This film opened in Austin on April 12th and wrote a review for the film previously and the theatrical release has expanded to San Antonio. I have included the review for those readers who may have missed it before. The film continues at the Regal Arbor Cinema in Austin and starts at the Bijou today.
One great surprise in films for me that I had not anticipated enjoying as much as I did is The Sapphires, based on a true story and with amazing musical performers who portray the real life girl group during the 1960s. The costumes in the film are so cool and “right on” with the “empire” waistlines, mini- skirts and prints that were popular in the day.
I love films with themes relating to music, but especially when it is with music that is now considered “oldies” by some, and transports the viewer into a different time that really allows them to escape. Not only is the setting during the late 1960s, it is when the Vietnam War was going on strong.
In Australia, a group of young Aboriginal women, Gail (Deborah Mailman), Cynthia (Miranda Tapsell), Julie (Jessica Mauboy) and Kay (Shari Sebbens) have grown up together and sang as children. As adults and at different points in their life, some decide to set their sites on a singing career – in country music. They face racism in their local community as they try out in a vocal competition, but their conviction is strong. Their dream jobs take a different path as their lives are altered forever when they meet a self -proclaimed music promoter, Dave Lovelace (Chris O’Dowd) at the venue.
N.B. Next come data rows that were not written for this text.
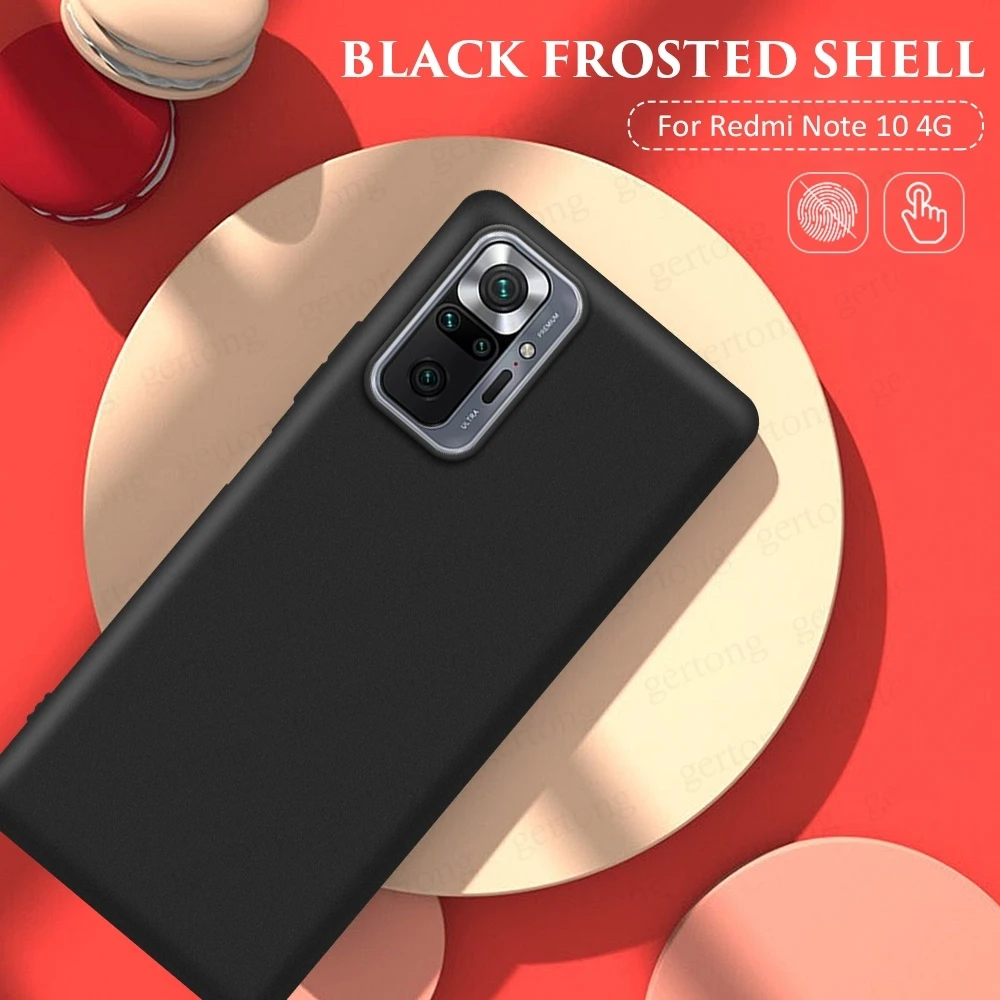 Case For Xiaomi Redmi Note 10 Pro Max 10s 8 9 10 Pro Cover Black Color Matte Cases For Redmi Note10 K40 Pro Plus K40 Ultra Cover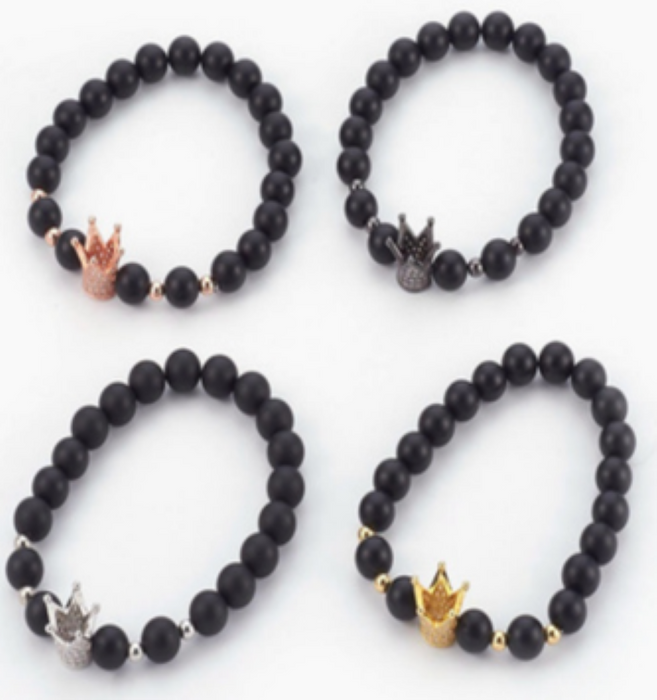 Black Onyx Braclet, with Crown Alloy, Mix Color Alloy,8 mm, 5 Pieces in a Pack #453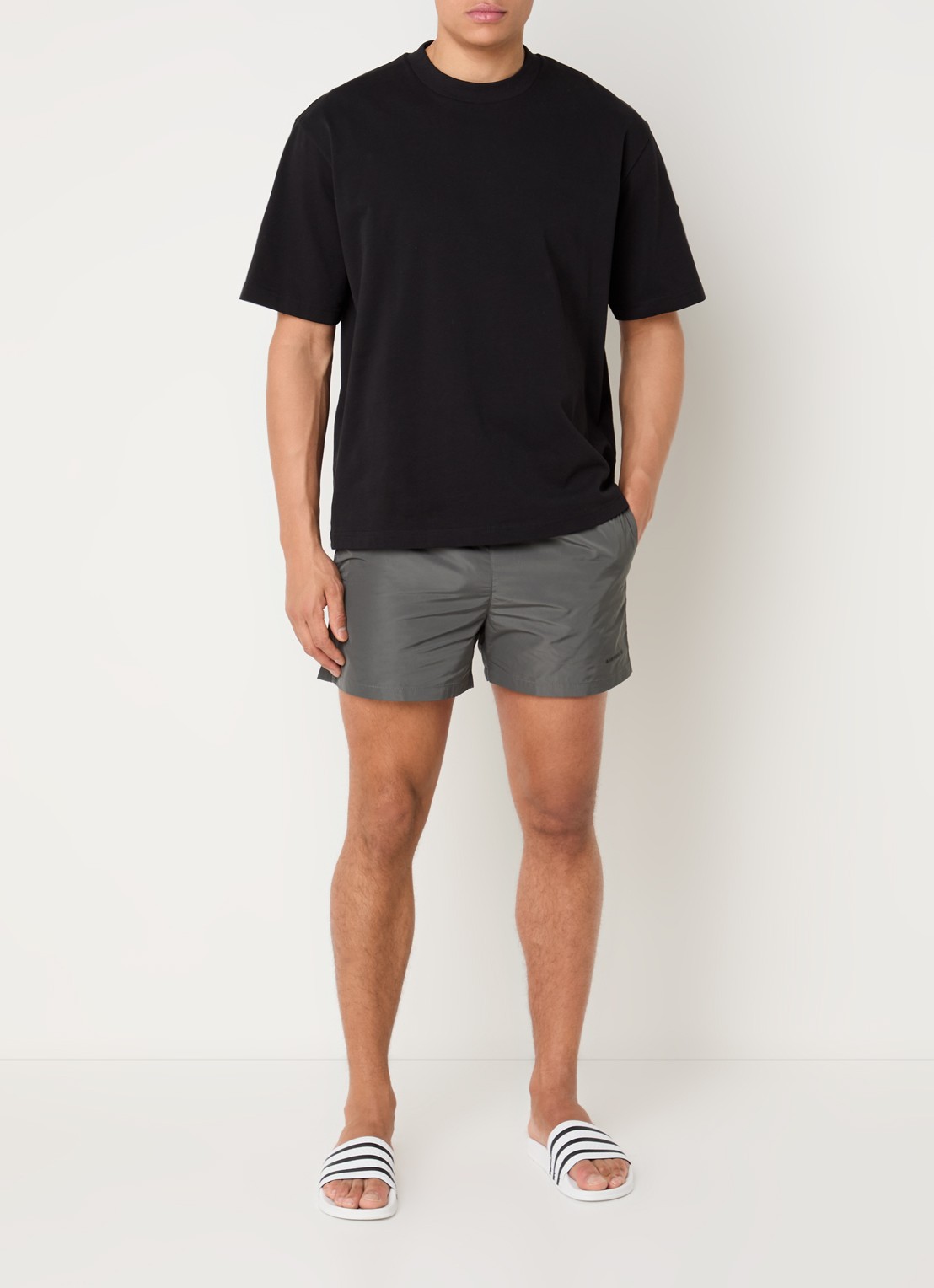 Airforce Zwemshorts met logo en steekzakken - voorkant 3 antraciet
I loved all of the actor’s performances, but O’Dowd (Bridesmaids, This is 40, Friends with Kids) is very good, especially in his humorous scenes, but in the dramatic ones as well.
Wayne Blair directs the screenplay by actor/writer/producer, Tony Briggs and Keith Thompson, based on Briggs play. Briggs is son of one of the original vocalists, Laurel Robertson, on who the play and film are based. The story not only relates the adventure of a lifetime for the ladies, but also the injustices and dangers they faced along the way.
I wholeheartedly endorse viewing this film and when you do, get ready to be transported!